Life on the edge: New Zealand's natural hazards and disasters is a 2007 book based on entries in Te Ara's Earth, Sea and Sky theme. Simon Nathan, a geologist with a strong interest in the history of science, was the editor of this theme, and also of the following theme, The Bush.
What\'s you story?
Contributed by Simon Nathan
Te Ara’s second theme, Earth Sea and Sky, deals with the forces of geology and climate that have shaped New Zealand. On my first day Jock Phillips asked me to prepare a list of about 100 topics that would cover the theme. Faced with a blank piece of paper, ‘Natural hazards’ was the first thing I wrote down. Floods and landslides occur every year somewhere in the country, and every New Zealander can expect at least one major earthquake and volcanic eruption to occur during their lifetime. There was some debate over whether tsunami hazard was as important as the others, and initially it was only allocated 1,000 words. After the 2004 Boxing Day tsunami we decided to expand the entry, and Te Ara put out a call for stories from readers about their experiences.
The nine articles in the Natural Hazards and Disasters subtheme have turned out to have some of the highest hit rates of any in Te Ara, especially at the time of events such as major earthquakes and tsunami alerts. Science writer Eileen McSaveney wrote or co-authored seven of the articles, so is probably Te Ara’s most highly read author.

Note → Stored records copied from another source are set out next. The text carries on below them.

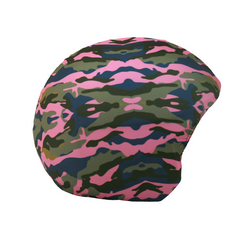 Coolcasc - Нашлемник камуфляжный 159 Camouflage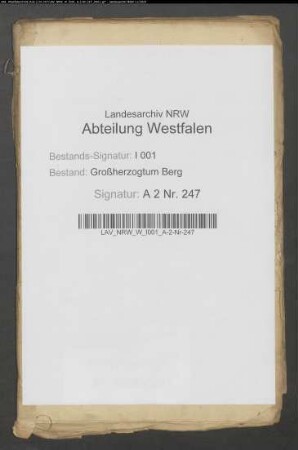 Schule zu Kotthausen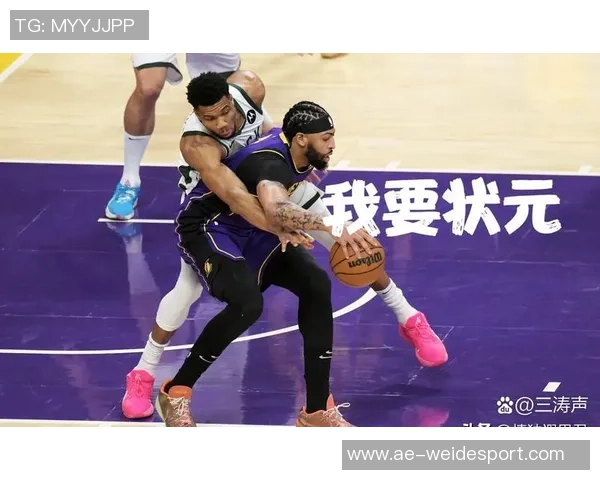 皮尔斯建议独行侠全力重建唯弗拉格为非卖品其余球员皆可交易 皮尔斯建议独行侠全力重建唯弗拉格为非卖品其余球员皆可交易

One of the things that I learnt from working on Te Ara is the unpredictability of hazard events. The 2006 eruption of Raoul Island led us to hastily add a section to the 'Historic volcanic activity' entry, and pages were added to 'Historic earthquakes' after the 2010 and 2011 Christchurch earthquakes. Mt Tongariro had been quiescent for over a century until it erupted without warning in 2012. We can be confident that future events are going to require regular updating of this part of Te Ara.